Monday 1st December 2025

by inAfrika Newsroom
ICARDA date palm sustainability work is set to expand after a new memorandum of understanding with the International Date Palm Council. The ICARDA-led deal, announced on 30 November, focuses on boosting yields, pest resistance and water efficiency in date-growing regions across North Africa and the Middle East.
Date palm already counts as a strategic crop for food security and rural incomes in many dryland countries. It offers fruit, fibre and biomass and can tolerate high heat where other trees fail. However, growers face rising threats from climate change and invasive pests such as the red palm weevil.
The ICARDA date palm sustainability partnership will support joint research, breeding of improved varieties and better irrigation practices. It will also invest in digital tools that help farmers monitor soil moisture and pest risks.
In the next phase, ICARDA and its partners will select pilot oases in Morocco, Tunisia, Egypt and Gulf states for field trials under the ICARDA date palm sustainability programme.
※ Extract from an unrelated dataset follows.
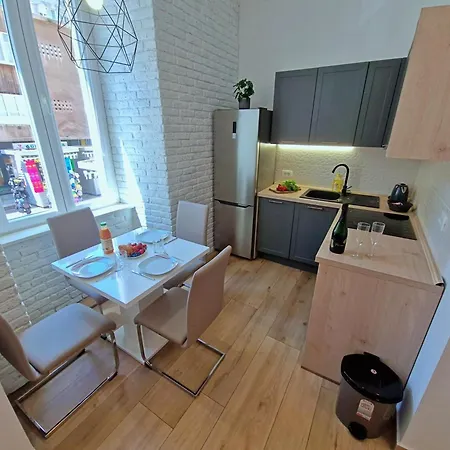 Apartament Lola's Place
These sites will test new irrigation regimes, climate-resilient lines and integrated pest management packages.
Researchers will share data with national extension services so that lessons can move quickly to smallholders. Meanwhile, the consortium plans to engage value-chain actors, including processors and exporters, to reduce post-harvest losses.
Donors are also watching the project as a model for other perennial crops in dry areas, from olives to figs.
Sustainability efforts link science to livelihoods in some of Africa’s most fragile landscapes. Date oases support food, jobs and microclimates that protect nearby farms. Yet water stress and pest outbreaks can wipe out trees that took decades to mature.
If the new research and partnerships succeed, farmers could secure higher yields with less water and fewer chemical inputs. That would strengthen local economies and reduce pressure for migration. For policymakers, the initiative shows how targeted R&D can anchor climate resilience around crops that communities already trust.